Arch Grants awards $750,000 to startup companies
The area’s startup community is three-quarters of a million dollars richer, thanks to a local nonprofit that hopes to spur innovation around town.
Fifteen recently established companies will receive $50,000 each from Arch Grants, a group founded by a cadre of St. Louisans and funded by various public and private sources, according to an announcement made on Monday.
"This marks St. Louis as a top destination with a community of high-quality startup businesses who will compete in the global economy and Arch Grants will be working hard to build that community as we move forward,” Jerry Schlichter, the group's co-founder and president, said in a release.
In a telephone interview, executive director Sarah Spear said the three-tiered application process began months ago with executive summaries followed by business plans. The final stage included 29 applicants making in-person presentations.
“These 15 were the ones that rose to the top and really were at the top of the pile in each of those three stages,” Spear said. “It was important to us that the companies had really innovative, disruptive technologies or ideas that they were applying, either doing something radically new or doing something in a radically new way.”

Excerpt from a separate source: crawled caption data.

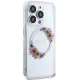 Guess IML Flowers Wreath MagSafe iPhone 15 Pro Max vāciņš, caurspīdīgs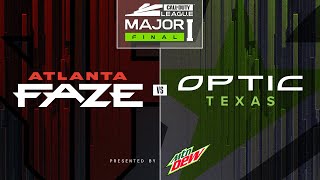 Major 1 Finals  AtlantaFaZe vs OpTicTexas  OpTic Major 1  Day 4 [upl. by Lizzy]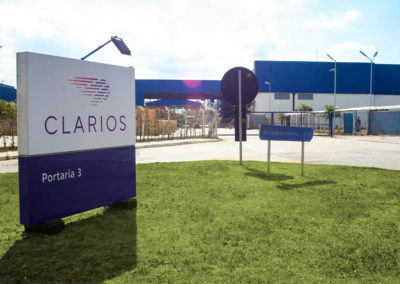 Clarios Exterior Sign Monument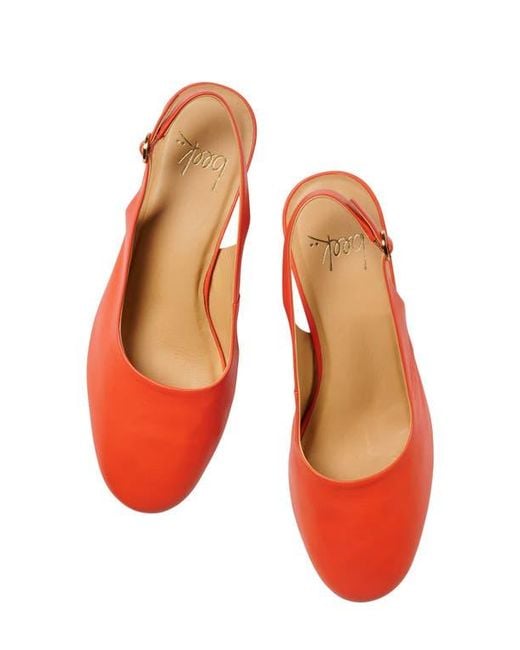 Beek Red Lora Slingback Pump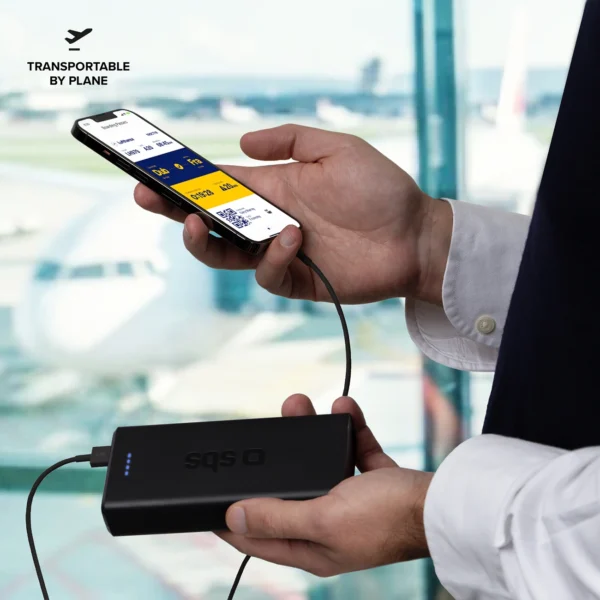 Fast charge power bank: 20,000 mAh, 2 USBs Blackeng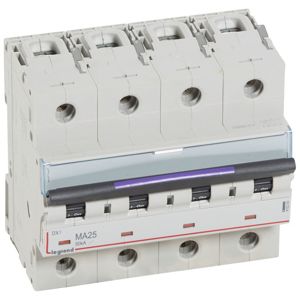 Legrand - Automaten DX³ MA 4P 25A 400V - 50KA - 6mod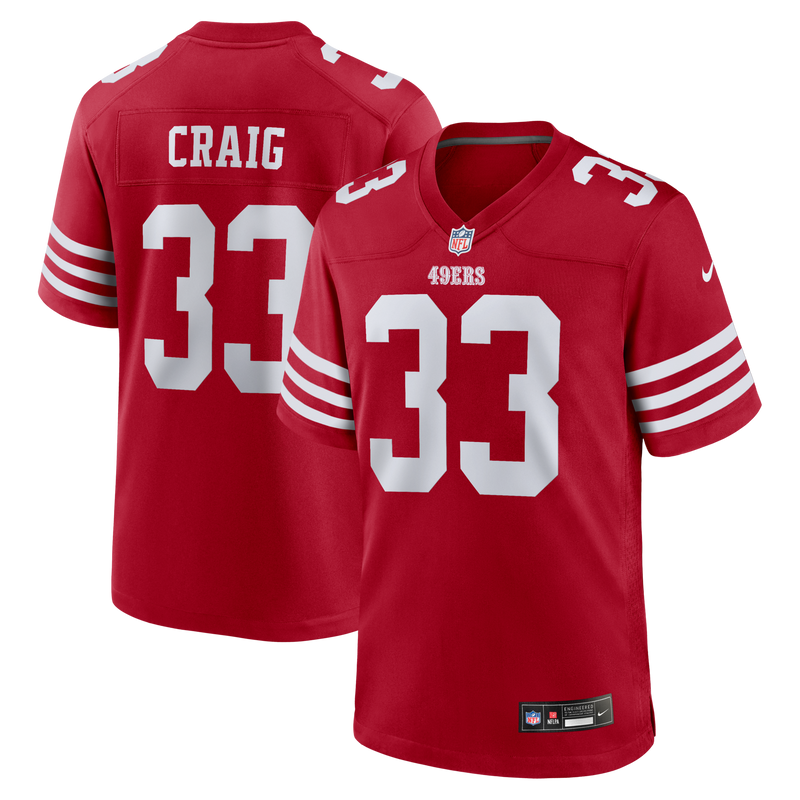 San Francisco 49ers Roger Craig Nike Scarlet Team Retired Game Jersey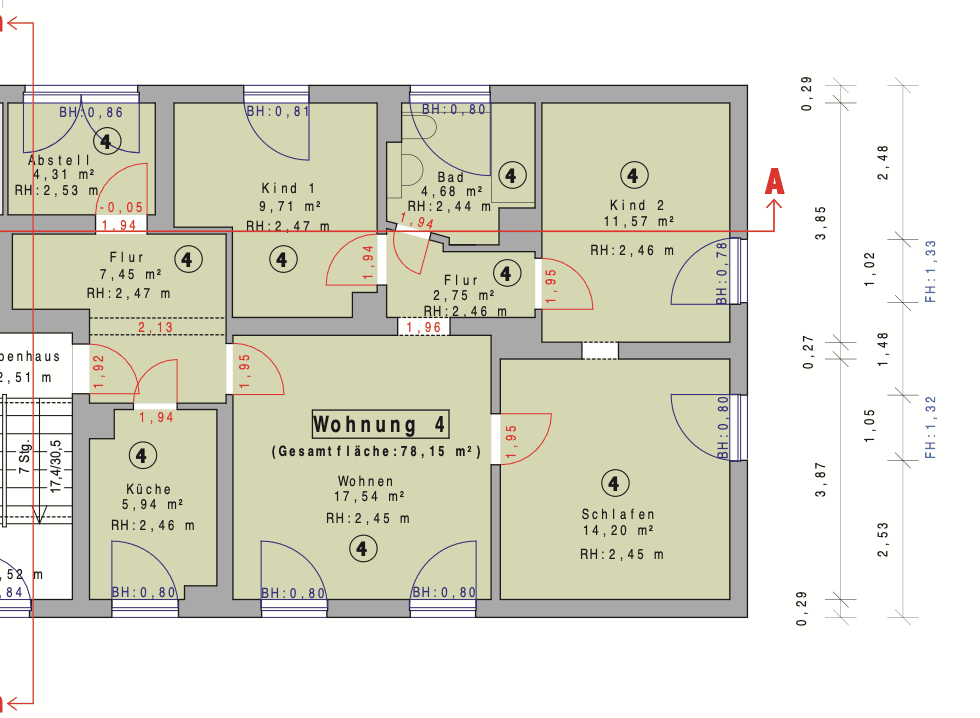 Prenájom bytu 4-izbový 79 m², Neukieritzsch, Sasko Prenájom bytu 4-izbový 79 m², Neukieritzsch, Sasko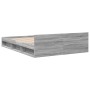 Cama con cajones madera ingeniería gris Sonoma 160x200 cm de vidaXL, Camas y somieres - Ref: Foro24-3280739, Precio: 180,99 €...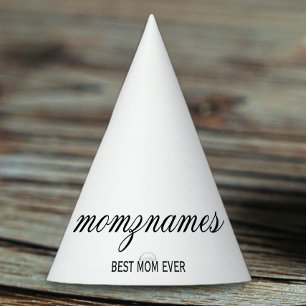 Chapeaux De Fètes Calligraphie personnalisée du nom pour la meilleur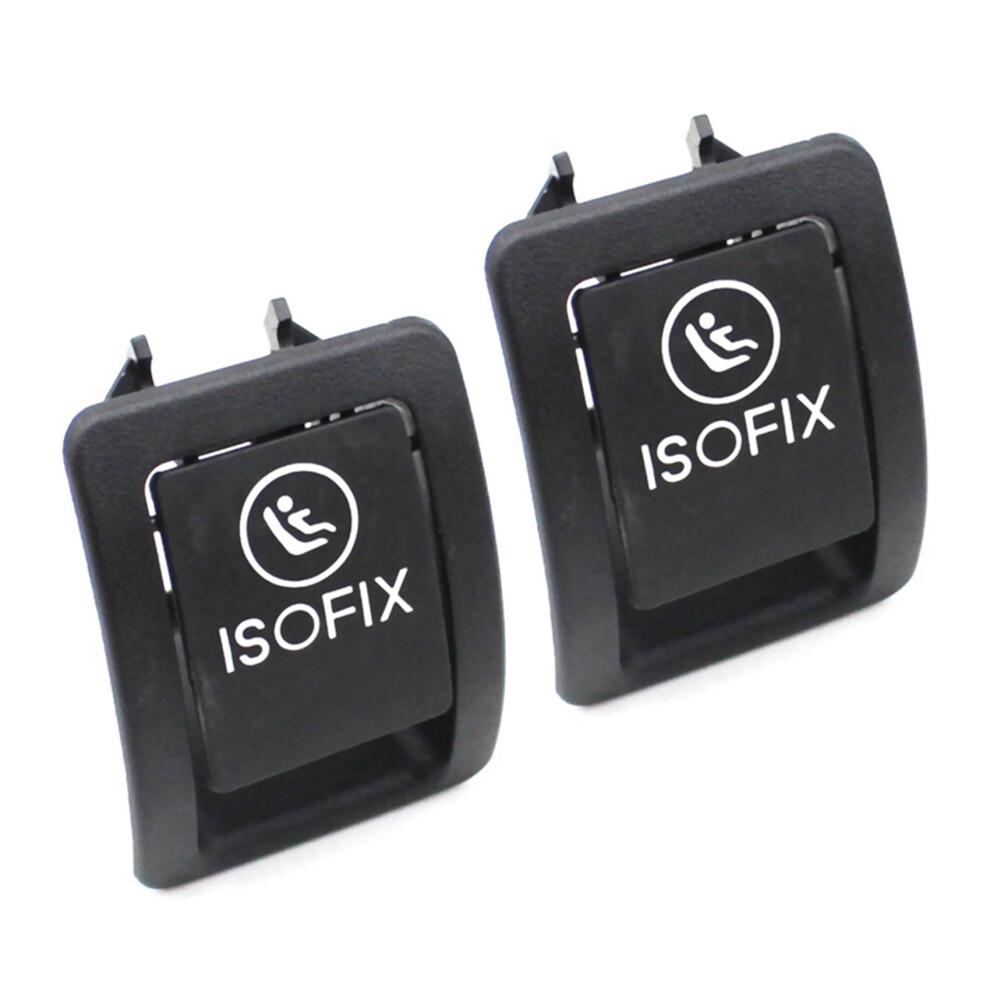 2X 2059200513 Car Seat Isofix Switch Cover For W205 C300 C350 C200 C180 2015-2016 Black 4852767851076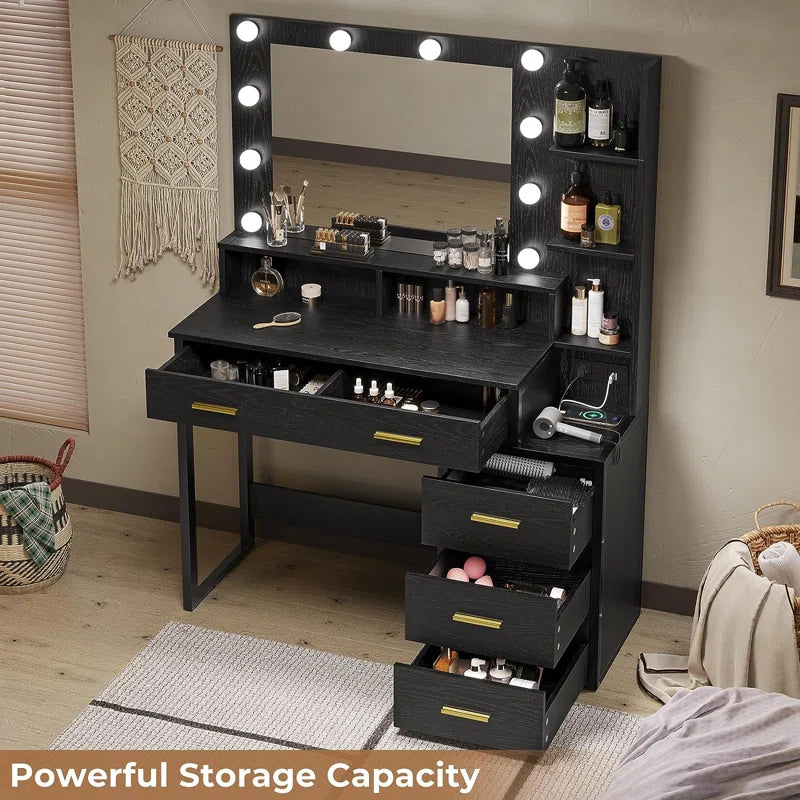 Parter Modern Vanity Dressing table - Wooden Bazar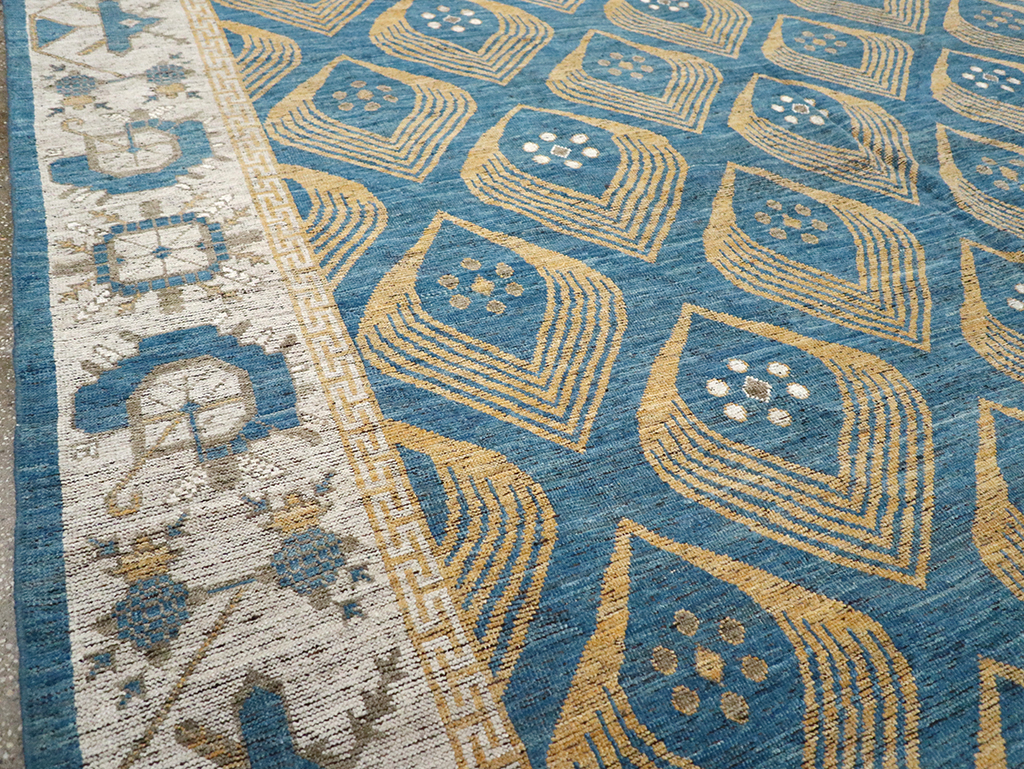 Modern East Turkestan Khotan Room Size Carpet, No.33028 - Galerie Shabab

The awardees were culled from 420 applications from business around the world. About three-quarters of the applicants were from the St. Louis area as were 12 of the 15 winners.
The out-of-town grantees include a Chicago-based online newsletter aimed at digital startups, a Costa Rican search engine and an enterprise that has managers in Dallas, Portugal and Chile with a customizable mobile device platform for small businesses. Now all the businesses will be located in the Gateway City.
"We hoped to attract as well as retain entrepreneurs in St. Louis, so we wanted to make sure we had companies that could move into the region as well," Spear said.
The companies chosen reflecte the diversity of the applicants. Selected enterprises included a startup that produces online tools to analyze food label data, a company that will deliver foreign language television feeds to immigrants in the U.S., and a business that patented a stainless steel conduit and process pipe support system for use in the food and beverage industry.
The last is run by husband and wife team Ron and Julie Meyer along with co-founder Charlie Overschmidt.
"Right now, we’re having to use an outside vendor to do some of our cutting for us," said Ron Meyer, CEO of Unique Metal Solutions. "And this grant money will help us purchase machinery to set up shop and do this all ourselves. So we can basically get our product to our customers across the country in a very short amount of time."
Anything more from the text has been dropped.